Peguei-me instintivamente analisando a cena. Sentados na mesma sarjeta estavam patricinhas gaúchas, playboys paulistas, garçons de folga, artistas de rua, músicos de ocasião. Éramos todos um grande e heterogêneo grupo, mas ali sem qualquer distinção de berço, sobrenome, cor, idade, educação ou status social. Na sarjeta, não tinha pulseirinha VIP. Ali na sarjeta, o banheiro era o bequinho com vista pra praia, vigiado por um amigo para alguma segurança e privacidade.
Ali na sarjeta, o malandro ensinava um novo cumprimento para o mauricinho, e contava o sonho de fazer engenharia. Ali na sarjeta, um viajante da Australia sentia saudade das sete crianças que adotou na terra dos cangurus. Na sarjeta, o sambista que me ensinava passos novos tinha diamantes maiores que os meus nas orelhas. Nas duas orelhas. Ali, minha amiga Caren tocava pandeiro, ela que teve aulas de violino quando pequena com um instrumento vindo da Rússia – enquanto um moreno alto com a cara do Seu Jorge puxava mais uma no violão. Ali na sarjeta, como diria Martinho da Vila, se “tem alguém cantando todo mundo canta, todo mundo dança, todo mundo samba, e ninguém se cansa”. É democracia e sintonia na mais pura essência.

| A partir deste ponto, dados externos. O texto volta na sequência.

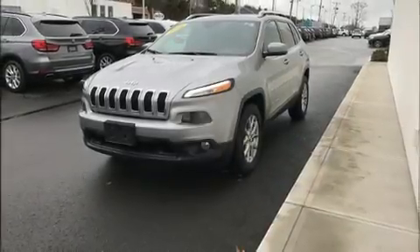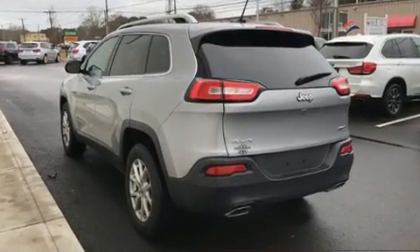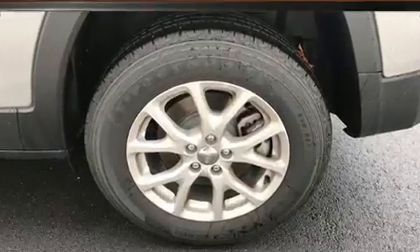Discerning drivers will appreciate the 2016 Jeep Cherokee. With fewer than 3,000 miles on the odometer, this four-door sport utility vehicle prioritizes comfort, safety, and convenience.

Não pude evitar em repassar na minha cabeça todas as listas que já havia pedido para incluir meu nome. Em quantos esquemas de camarote eu já havia entrado. Quantos backstage, onstage, frontstage, motherfucker stage, eu tivera que usar todo o meu latim pra provar ser digna. Festas de gente que não enxerga ninguém além do próprio reflexo na tela do celular. Eventos que ninguém conversa, mas todo mundo se “curte/like”. Ali na sarjeta eu não era filha de empresário. Eu era filha do samba. Ali na sarjeta eu não tinha MBA de “business in London”. Eu era ph.D em standup comedy e “blogueira” por paixão. Ali na sarjeta ninguém me olhava de cima ou se importava com meu sobrenome. Todo mundo me olhava no olho e sabia o meu nome.

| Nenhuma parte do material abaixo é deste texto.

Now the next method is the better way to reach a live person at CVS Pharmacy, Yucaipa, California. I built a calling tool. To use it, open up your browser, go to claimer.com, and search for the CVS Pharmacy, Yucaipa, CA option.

Peguei o caminho de casa quando o sol raiou com o cotovelo esfolado da minha tentativa de andar de skate e uma tatuagem de canetinha feita por um artista de rua no meu braço. No bolso R$20,00 amassados, uma rosa feita de guardanapo e a indicação de um contador que vai fazer fazer meu imposto de renda “na faixa”. Eu tinha dado tanta risada que havia ficado afônica. Eu me sentia rica de alegria. Antes de dormir fiz uma prece sincera para nunca me esquecer da simplicidade daquela noite. Entendi que talvez fosse quando eu paro querer estar no topo do mundo com a cabeça nos ares, que eu encontre conforto com os pés bem no chão. Ali na sarjeta mesmo, onde Letícia Sabatella, eu, todo mundo é bamba. “Onde todo mundo bebe, todo mundo samba”.